• **Exercise instructions**
Could you give back every entry below exactly, with the pictures dropped?

• **Entries shown**
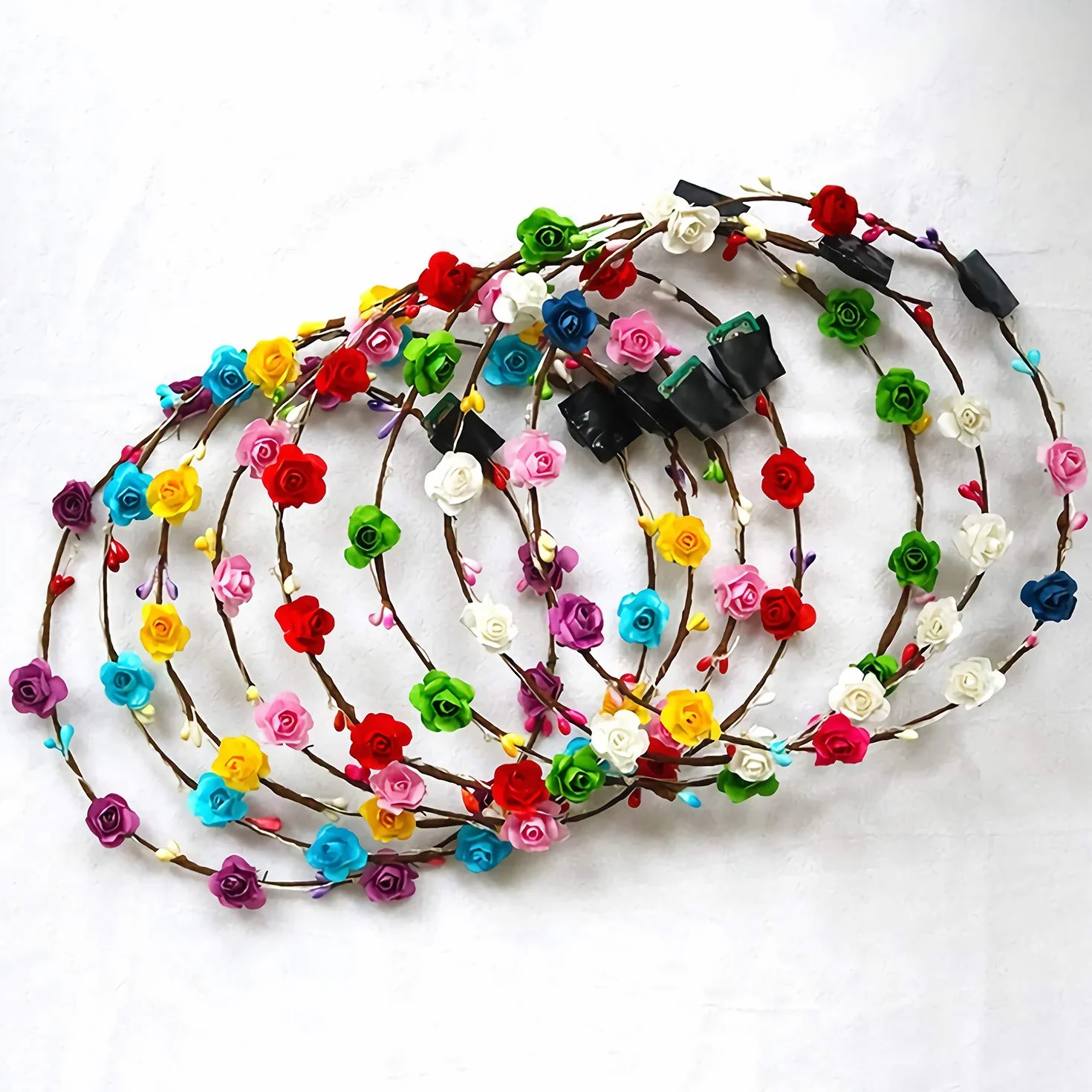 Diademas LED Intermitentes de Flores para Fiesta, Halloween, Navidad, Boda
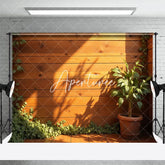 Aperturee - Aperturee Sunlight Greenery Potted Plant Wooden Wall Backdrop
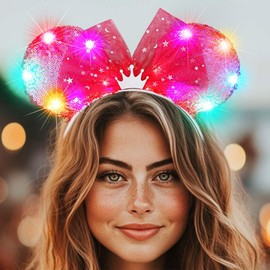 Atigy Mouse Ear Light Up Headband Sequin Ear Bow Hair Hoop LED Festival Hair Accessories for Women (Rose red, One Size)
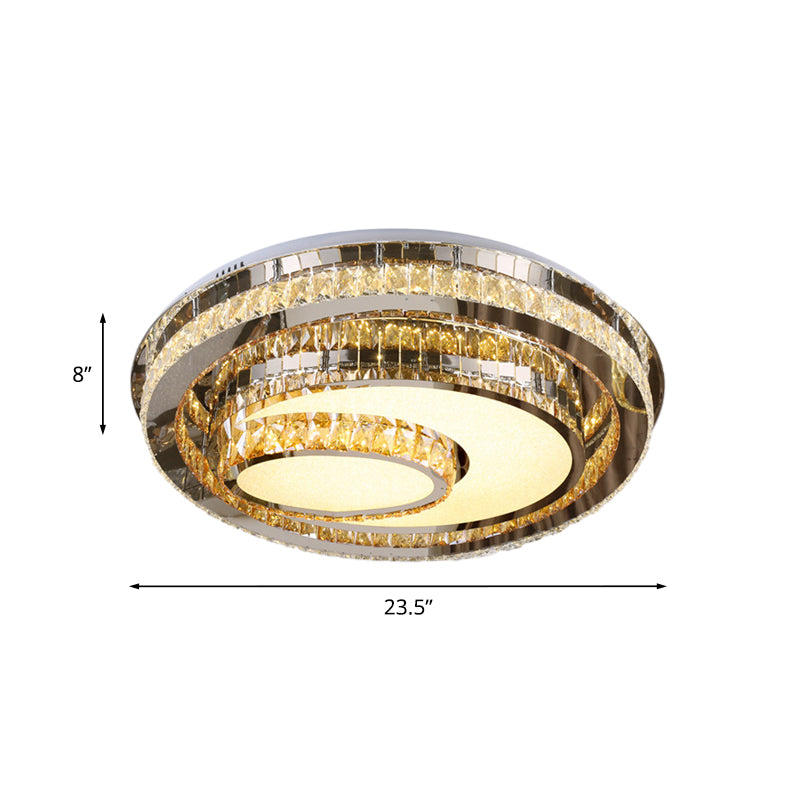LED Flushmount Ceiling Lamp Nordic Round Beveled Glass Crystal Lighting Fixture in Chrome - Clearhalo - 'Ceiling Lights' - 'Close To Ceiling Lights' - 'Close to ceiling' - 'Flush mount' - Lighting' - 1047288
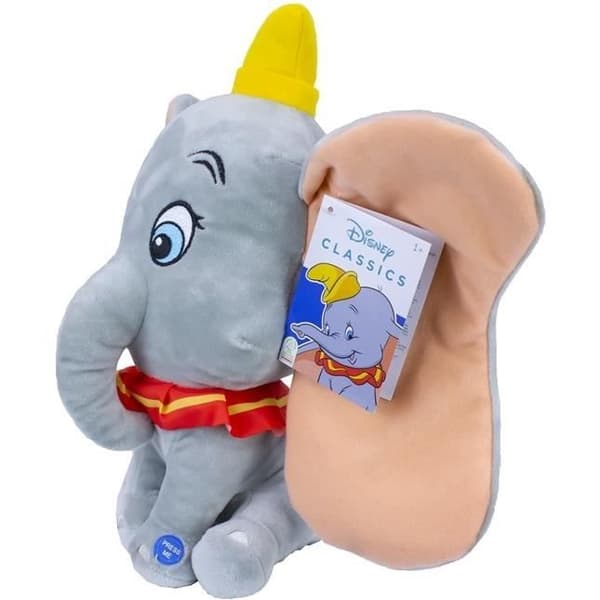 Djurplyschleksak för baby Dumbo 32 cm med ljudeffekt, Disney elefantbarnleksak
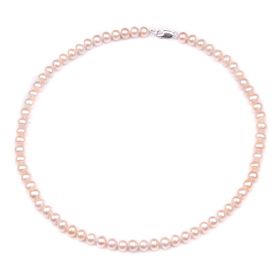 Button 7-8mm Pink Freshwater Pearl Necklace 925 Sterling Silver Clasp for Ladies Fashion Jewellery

• **Exercise output**
 Diademas LED Intermitentes de Flores para Fiesta, Halloween, Navidad, Boda
 Aperturee - Aperturee Sunlight Greenery Potted Plant Wooden Wall Backdrop
 Atigy Mouse Ear Light Up Headband Sequin Ear Bow Hair Hoop LED Festival Hair Accessories for Women (Rose red, One Size)
LED Flushmount Ceiling Lamp Nordic Round Beveled Glass Crystal Lighting Fixture in Chrome - Clearhalo - 'Ceiling Lights' - 'Close To Ceiling Lights' - 'Close to ceiling' - 'Flush mount' - Lighting' - 1047288
 Djurplyschleksak för baby Dumbo 32 cm med ljudeffekt, Disney elefantbarnleksak
 Button 7-8mm Pink Freshwater Pearl Necklace 925 Sterling Silver Clasp for Ladies Fashion Jewellery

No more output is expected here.